A devastating New Gloucester house fire has proven fatal, claiming the life of one person, and wrecking a ranch beyond recognition.
First responders arrived at the scene of the incident shortly after 9:30 p.m. on Sunday, December 6, after being contacted by neighbors who reported the fire.
Deadly flames had engulfed the left side of a building located at 81 Bluff Circle, in the immediate vicinity of Mayall Road in New Gloucester, Maine.
When crews from the local Fire and Rescue department came face to face with the scorching fire which had probably originated in the home’s kitchen, they realized that they would have to contain it using an exterior attack, without entering the burning structure.
This approach, also known as “surround and drown”, was required because it would’ve been excessively hazardous for firefighters to try to extinguish the blaze from the inside, as part of a “two in, two out” rescue effort.
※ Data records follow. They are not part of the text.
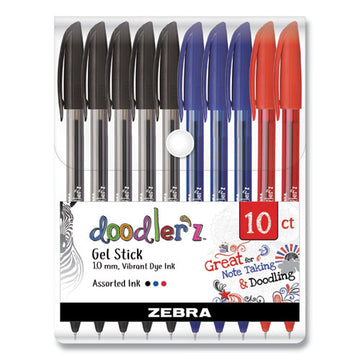 Zebra® Doodler'z Gel Pen, Stick, Bold 1 Mm, Assorted Ink And Barrel Colors, 10-pack freeshipping - TVN Wholesale
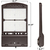 45,900 Lumen Max - 300 Watt Max - Wattage and Color Selectable LED Parking Lot Fixture Thumbnail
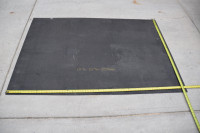Truck rubber camper mat for short box RV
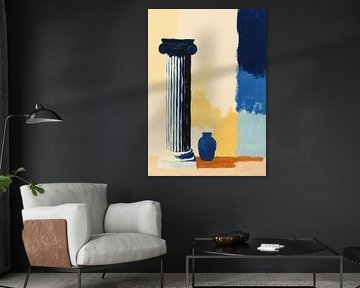 Column in blue and yellow by Niklas Maximilian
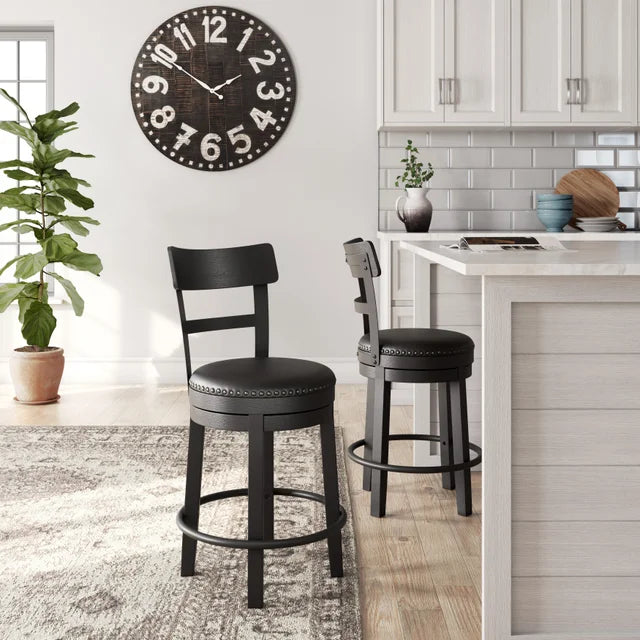 D546-624 - 24" COUNTERHEIGHT Swivel Barstool (ETA 10/2)
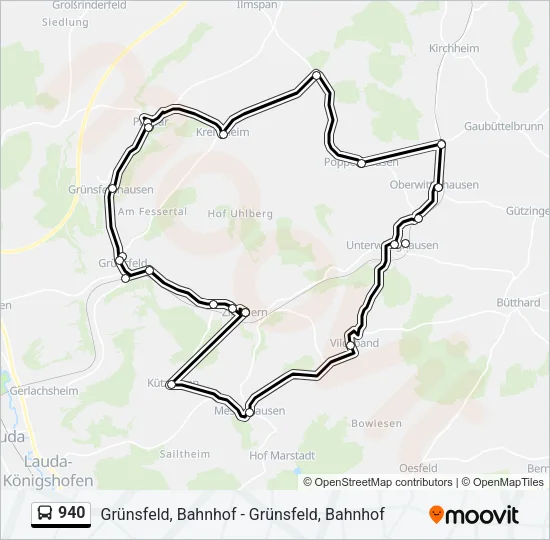 940 Bus Line Map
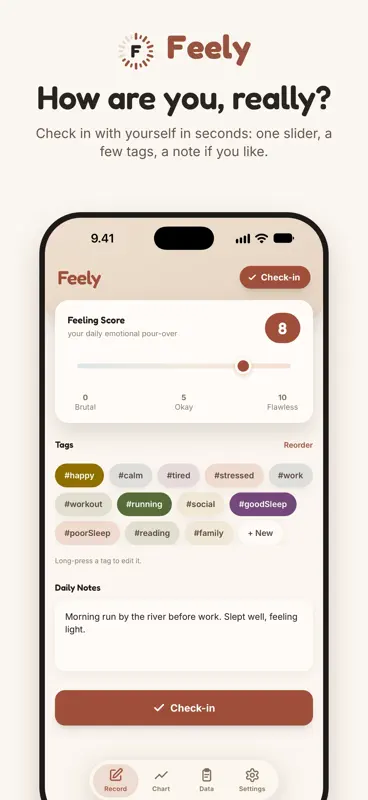 Feely - Track How You Feel screenshot 1 of 7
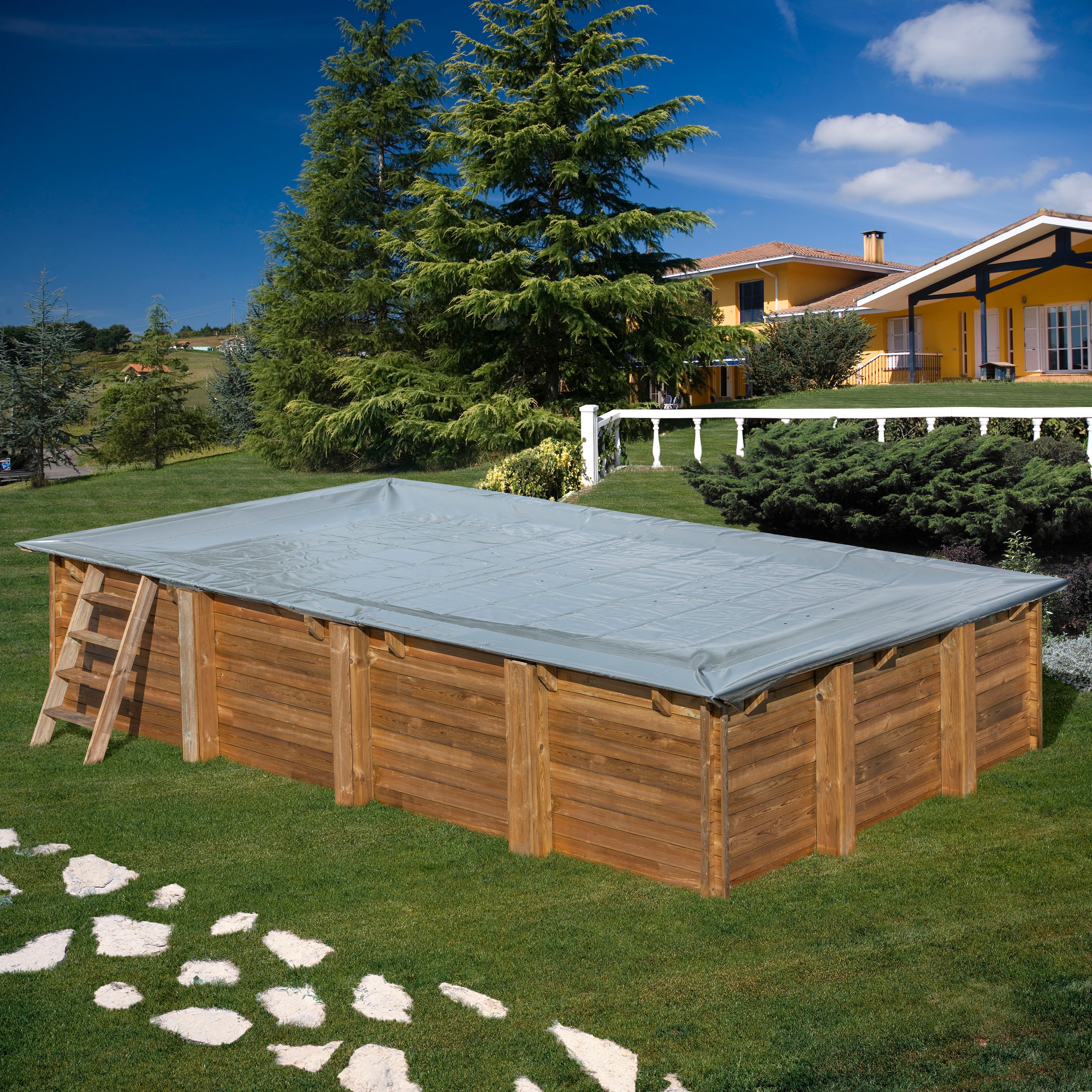 Gre Pool-Abdeckplane, Winterabdeckung für Pool Mango, BxL: 360x658 cm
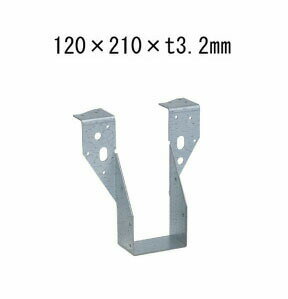 Rakuten - タナカ 梁受け金物 ツメあり 梁寸法120巾用 120×210×t3.2mm 10個 441-9650 基礎 内装 構造 土台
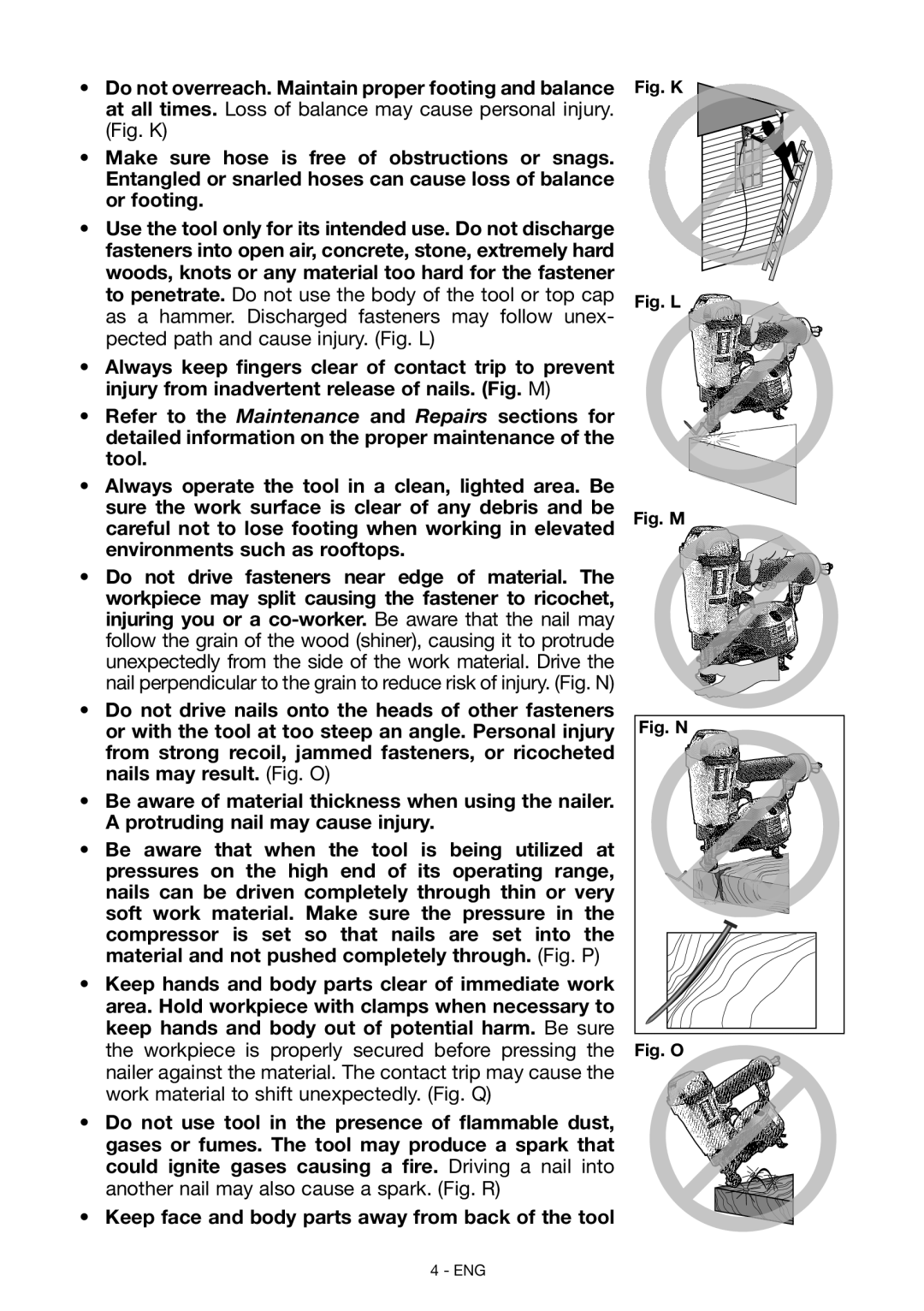 DeWalt DWFP12658 instruction manual Fig. K 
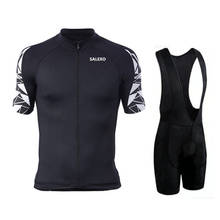 Conjunto de roupa de ciclismo masculina, camiseta e bretelle esportivas de secagem rápida para corrida de equipe, triatlo, verão 2021 2024 - compre barato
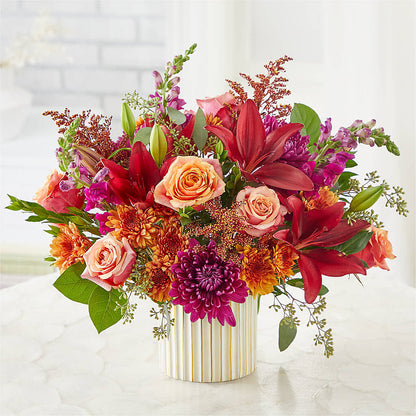 Burgundy Landscape Bouquet –  Blossom Shop, Conroe TX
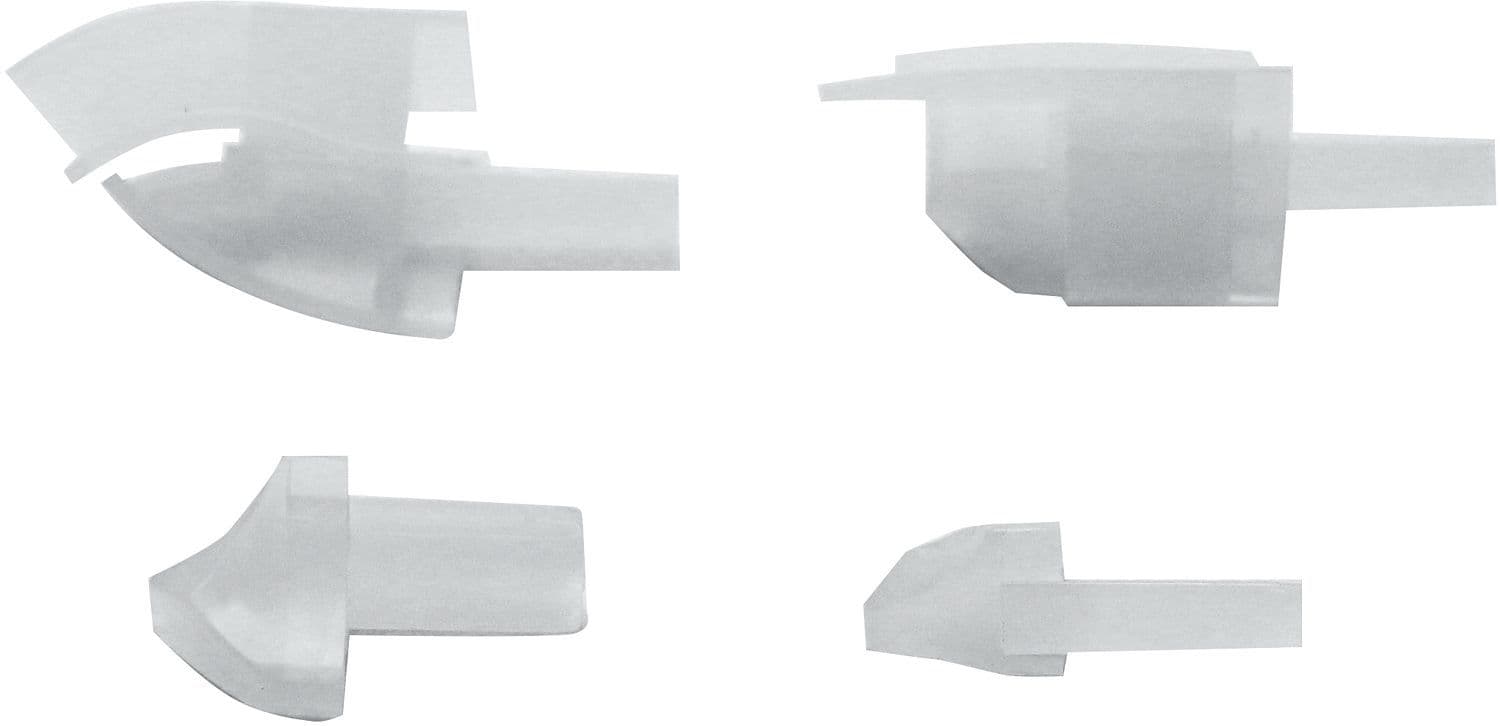 Set eindstukjes voor dichting novellini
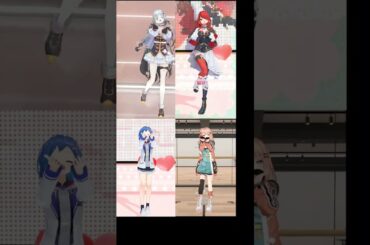 愛♡スクリ～ム！ 踊ってみた にじさんじ まとめ #shorts #vtuber #ソフィアヴァレンタイン #レインパターソン #西園チグサ #五十嵐梨花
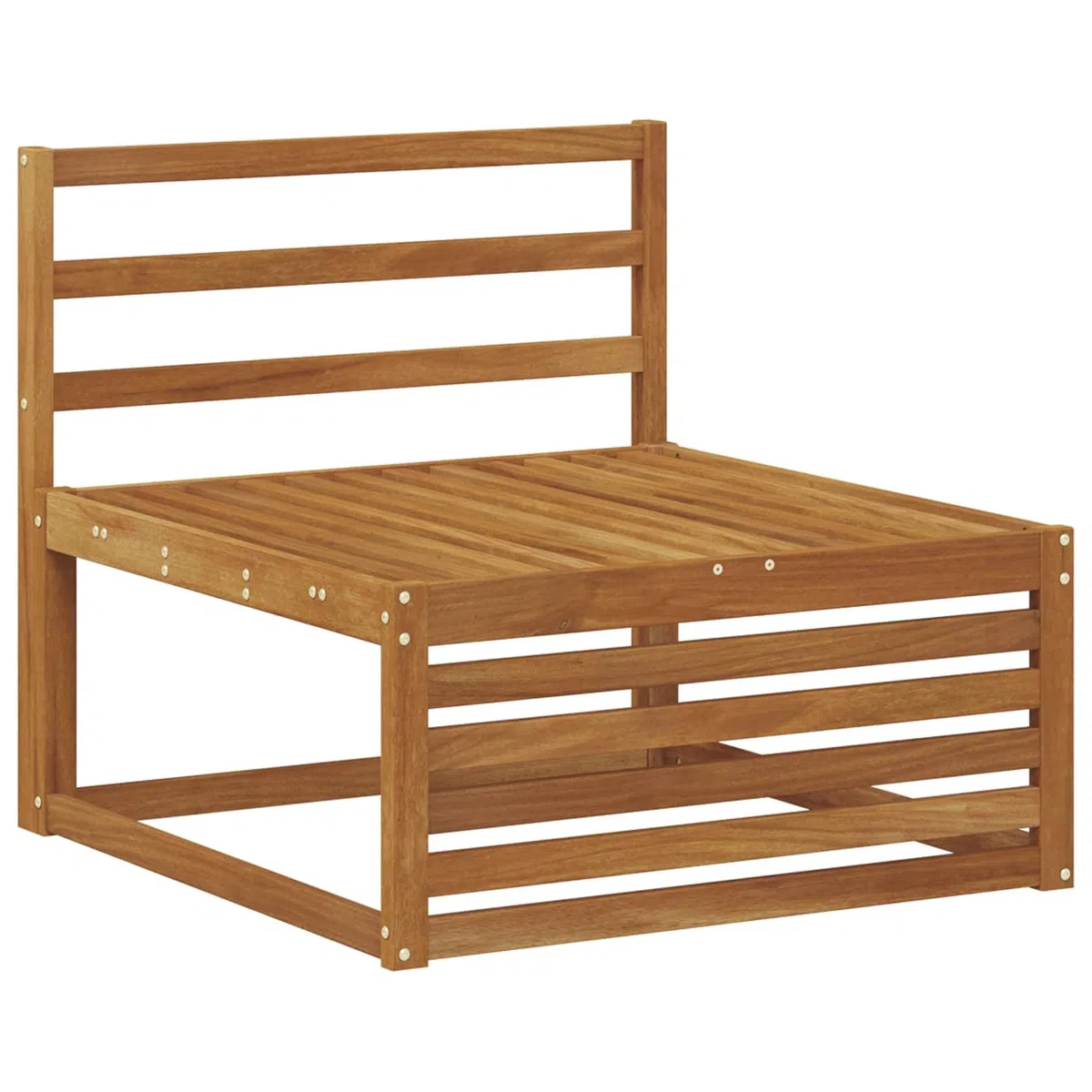 Outdoor-Garnitur 6-teilig aus massivem Akazienholz für Garten, Terrasse und Balkon, wetterfestes Möbelset mit Tisch, Sofas, Armlehnen, vielseitig, langlebig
Dispatch teams had noticed that there was a van parked outside the residence, and since no one had been found in the yard they suspected that a person might be at risk, but it was deemed overly unsafe to attempt a more direct rescue mission.
Eventually, the overpowering flames were vanquished by firefighting units from New Gloucester, Pownal, Poland, Gray and Raymond, using a staggering volume of 15,000 gallons of water.
Regrettably, the house fire led to the demise of one individual, who was found trapped in the building, once rescue crews managed to gain entry inside the building.
The victim’s identity and gender hasn’t been made public yet, as investigators from the Fire Marshal’s Office are currently trying to determine the source of the combustion, which was the first fatal one reported in New Gloucester in more than two decades.
Moreover, the home is virtually a ruin now, given the fact that the damage wreaked by the blaze has been extensive, and it is expected that additional details regarding the lethal fire will be disclosed later today, as the inquest progresses.
According to Captain Scott Doyle of the New Gloucester Fire Department, winter is the most perilous time of the year when it comes to house fires, causing the incidence of fatalities to double, especially because in anticipation of the holidays, people spend more time in the kitchen preparing complex meals.
Moreover, residents sometimes use unsafe heating devices to guard themselves against the cold and install Christmas decorations which can malfunction and trigger a blaze.
In order to limit such risks, it is essential to ensure that smoke alarms and carbon monoxide detectors are installed, fully operational, and equipped with newly activated batteries.
Another recommendation is to link all such home devices together, because otherwise the occupants of a room might find out too late about flames taking over another part of the house.
In fact, the National Fire Protection Association has shown that most fire casualties occur when the victim had been unaware of the blaze that had started in a different section of the building.